Agus Salim tak menjawab seketika. Ia mengangkat cangkir teh, meniupnya pelan, lalu menatap lurus mata lawannya.

“Tuan Van Mook… apakah Anda tahu perasaan seekor burung yang dibebaskan dari sangkar, lalu ditawari sangkar emas kembali, dengan alasan dunia luar terlalu berbahaya?”

Van Mook menyipit. “Kami hanya realistis. Ekonomi Anda hancur, militer Anda lemah. Anda membutuhkan bantuan.”

Agus Salim tersenyum. Tapi bukan senyum lega. Senyum getir. Ia lalu berdiri, tubuh ringkihnya menantang sejarah.

“Kalau soal militer, kami memang kalah. Kalau soal ekonomi, kami keok. Tapi ada satu hal yang kami miliki, yang kalian tidak punya sejak 300 tahun lalu…”

“Apa itu?” tanya Van Mook.

“Harga diri.”

Hening. Hanya suara kipas tua yang menderu dari sudut ruangan. Beberapa diplomat asing saling pandang, tak menyangka pria tua bersarung itu bisa membuat Eropa tersedak oleh satu kalimat.

Van Mook kembali duduk. Ia lalu berkata dengan nada diplomatis, tapi menusuk:

“Kami tidak akan segan mengirim pasukan tambahan.

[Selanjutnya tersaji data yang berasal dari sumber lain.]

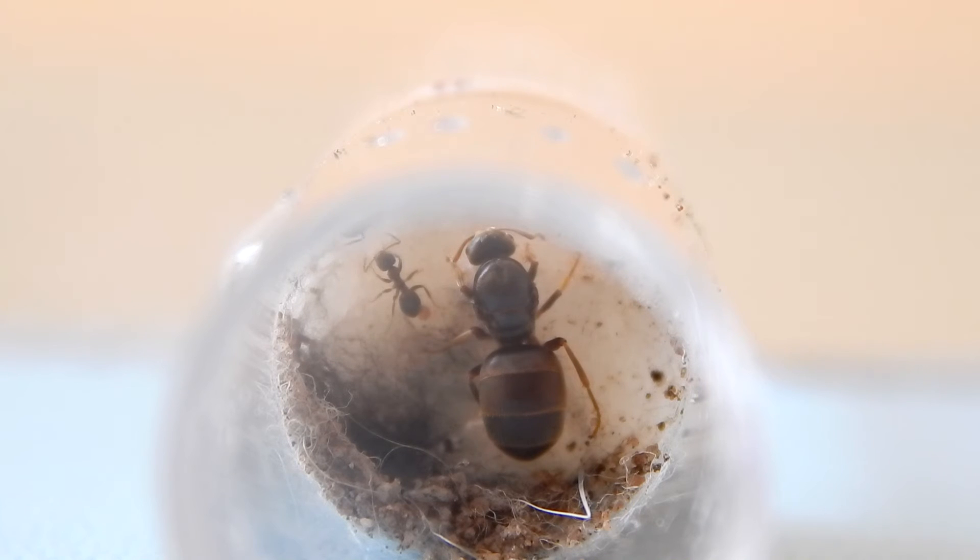Thanks for watching, guys. I hope I've been able to answer that question for you beginners and fellow ant keepers. Don't forget to check out the ant question of the week at the end of the video.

Jika Indonesia tidak mau bekerja sama, akan ada banyak darah tumpah.”

Agus Salim tak marah. Ia malah tertawa kecil, lalu berkata:

“Tuan Van Mook… Belanda tak perlu repot-repot. Jika kalian ingin tanah ini, kalian harus melawan bukan hanya tentara kami, tapi semua jiwa yang sudah mati karena dijajah. Mereka masih hidup di dada kami.”

Ia menunjuk dadanya dengan jari gemetar. Tapi nada suaranya membakar dingin ruang rapat.

“Dan katakan pada Ratu kalian… daripada kami serahkan Indonesia kembali ke tangan Belanda, lebih baik kami bakar negeri ini sampai menjadi abu.”

Para jurnalis yang mengintip dari balik pintu tak sempat menulis semua. Tapi kalimat itu jadi bara. Disalin dari mulut ke mulut. Dari hati ke hati. Dan malam itu, untuk pertama kalinya, Van Mook—diplomat kepercayaan kerajaan—pulang ke penginapan tanpa menatap mata siapa pun.

Sedangkan Agus Salim? Ia pulang ke rumah kecilnya, membuka sajadah, dan kembali menjadi hamba yang hina… di hadapan Tuhan yang Mahabesar.